While not an exhaustive survey of the philosophy of the social sciences, this course will serve as an opportunity to explore some of the perennial issues of great relevance to the conduct of social-scientific inquiry, and will thus function as a solid foundation for subsequent reading and discussion—and for the practice of social science. Throughout the course we will draw on exemplary work from Anthropology, Economics, Sociology, Political Science; students will be encouraged to draw on their own disciplines as well as these others in producing their reflections and participating in our lively discussions.

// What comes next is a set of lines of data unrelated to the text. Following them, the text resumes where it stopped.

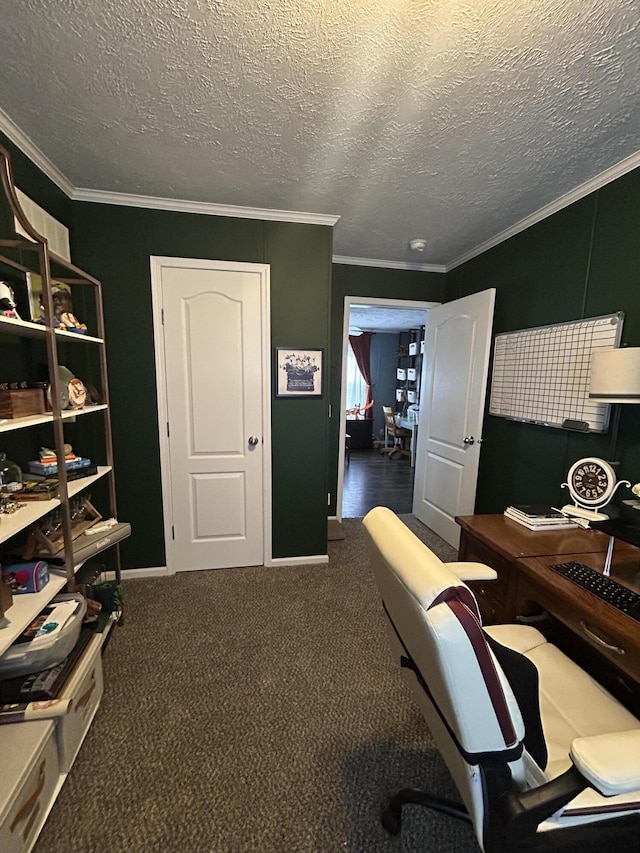 office area with dark colored carpet, a textured ceiling, and crown molding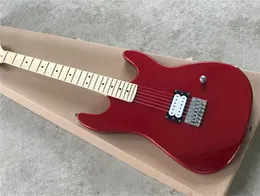 Anpassad butik Enkel humbucker pickup Metallisk röd elektrisk gitarr Maple Fingerboard Dot Frets Inlay Chrome Hårdvara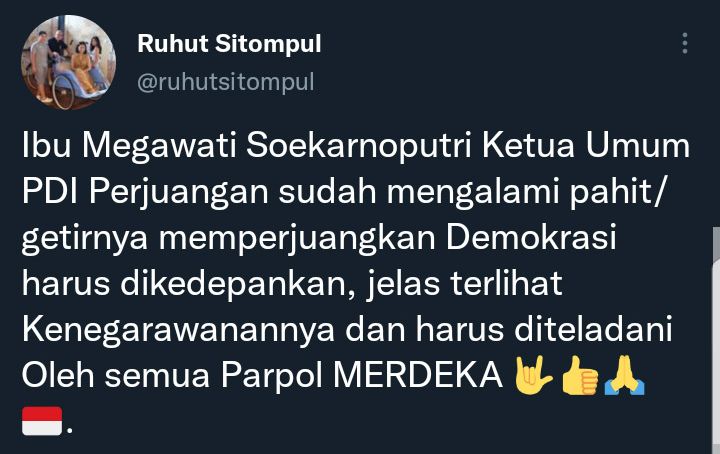 Cuitan Ruhut yang ikut berkomentar atas sikap Megawati yang marah soal usulan penundaan Pemilu 2024.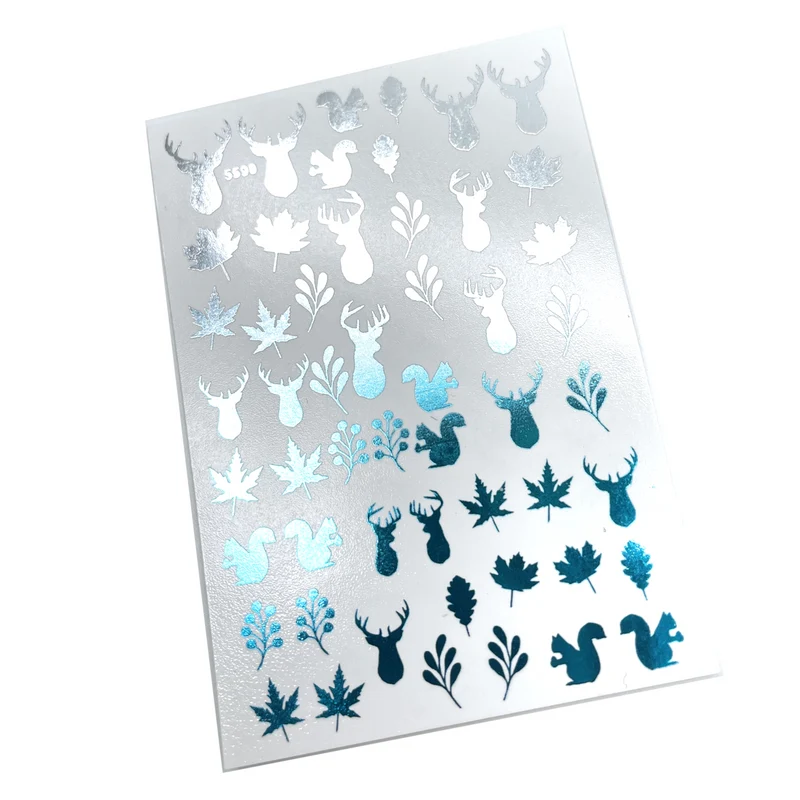 INKVICTUS Winter reindeer nail decals / sliders blue / silver foil 5590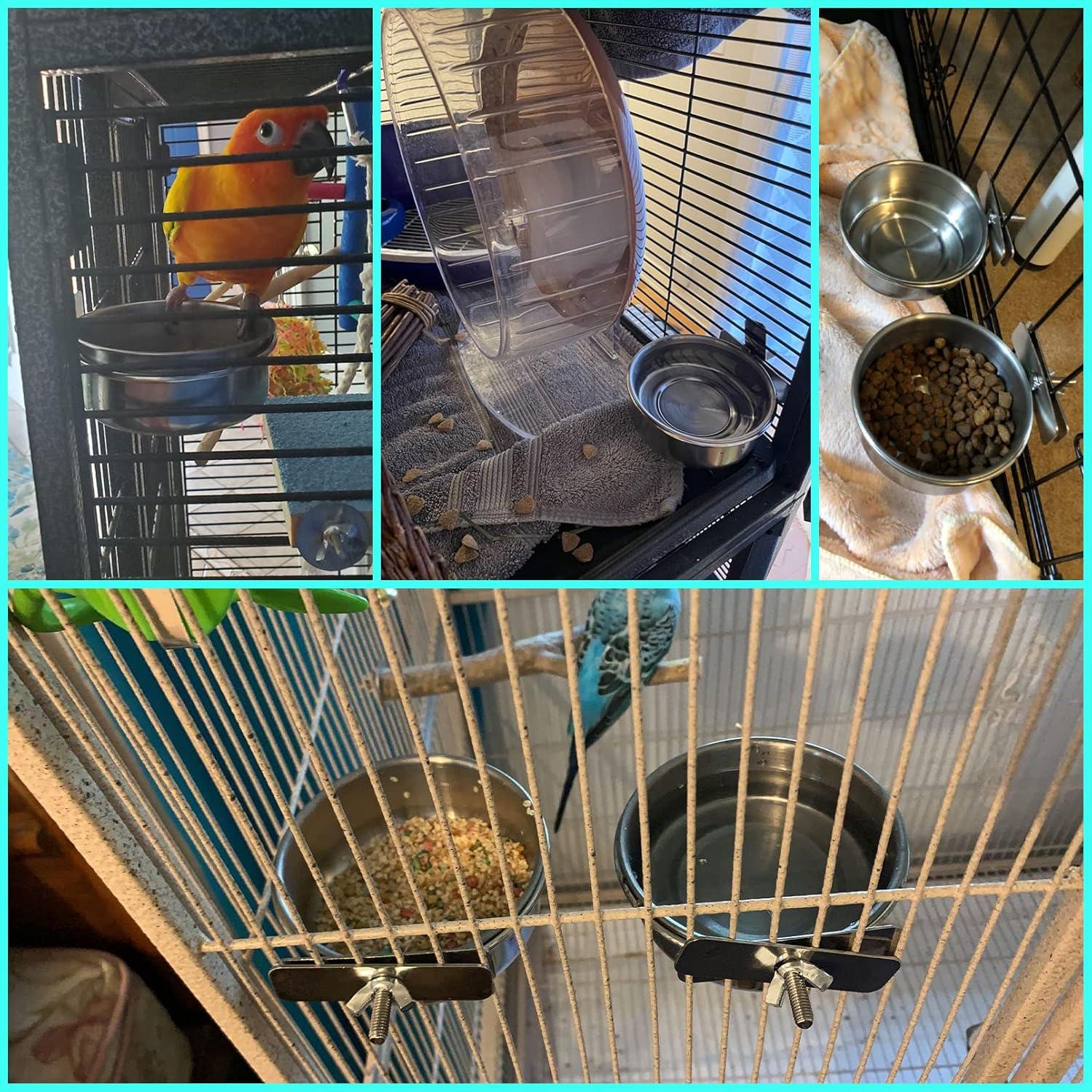 Tazas de Comedero para Loros Kathson Acero Inoxidable 2 Pcs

This course presumes no prior detailed familiarity with the philosophy of social science, beyond that gained by any practicing social scientist in the course of meeting the challenges associated with the conduct of her or his research project. The course does, however, presume a willingness to think of social science as a philosophical rather than just a technical endeavour. A course in basic European philosophy during one’s university experience would be a plus, although the reading of a couple of good survey books like Richard Bernstein’s The Restructuring of Social and Political Theory or Ian Hacking’s The Social Construction of What? are advised as a refresher in any event. The vocabulary introduced and developed in the instructor’s own book The Conduct of Inquiry in International Relations (Routledge, 2011 or 2016) will inform the course lectures.

Day Topic Details
Monday Overview; Logical Positivism

1.5 hour lecture; 1.5 hour seminar; blogging assignment #1

Tuesday Neopositivism and Falsification

1.5 hour lecture; 1.5 hour seminar; blogging assignment #2

Wednesday Scientific Realism

1.5 hour lecture; 1.5 hour seminar; blogging assignment #3

Thursday Ideal-types and Pragmatism

1.5 hour lecture; 1.5 hour seminar; blogging assignment #4

Friday Critical Theory

1.5 hour lecture; 1.5 hour seminar; blogging assignment #5

Day Readings
Monday

Ludwig Wittgenstein; Tractatus Logic-Philosophicus (selections); A. J. Ayer, Language, Truth, and Logic (selections); Carl Hempel, “The Function of General Laws in History,” in Aspects of Scientific Explanation and other essays (New York: Free Press, 1965), pp. 231-44.

Tuesday

Karl Popper, Objective Knowledge (Oxford: Clarendon Press, 1979), selections; Thomas Kuhn, The Structure of Scientific Revolutions, third edition (University of Chicago Press, 1996); Imre Lakatos, Philosophical Papers Volume 1 (Cambridge: Cambridge University Press, 1978), papers on the methodology of scientific research programmes and the rational reconstruction of science.

Wednesday

Roy Bhaskar, The Possibility of Naturalism, third edition (London: Routledge, 1998); Hilary Putnam, Representation and Reality (Cambridge, MA: MIT Press, 1988), selections; John Searle, The Construction of Social Reality (New York: Free Press, 1996), selections.

Thursday

Max Weber, essays on “Science as a Vocation” and “The ‘Objectivity’ of Social-Scientific and Socio-Political Knowledge”; John Dewey, Reconstruction in Philosophy (1920).

Friday

Raymond Geuss, The Idea of a Critical Theory (Cambridge: Cambridge University Press, 1981); Karl Mannheim, Ideology and Utopia (selections); Jürgen Habermas, Between Facts and Norms (selections).

Software Requirements

None.

Hardware Requirements

None.

Literature

Forthcoming in the syllabus itself.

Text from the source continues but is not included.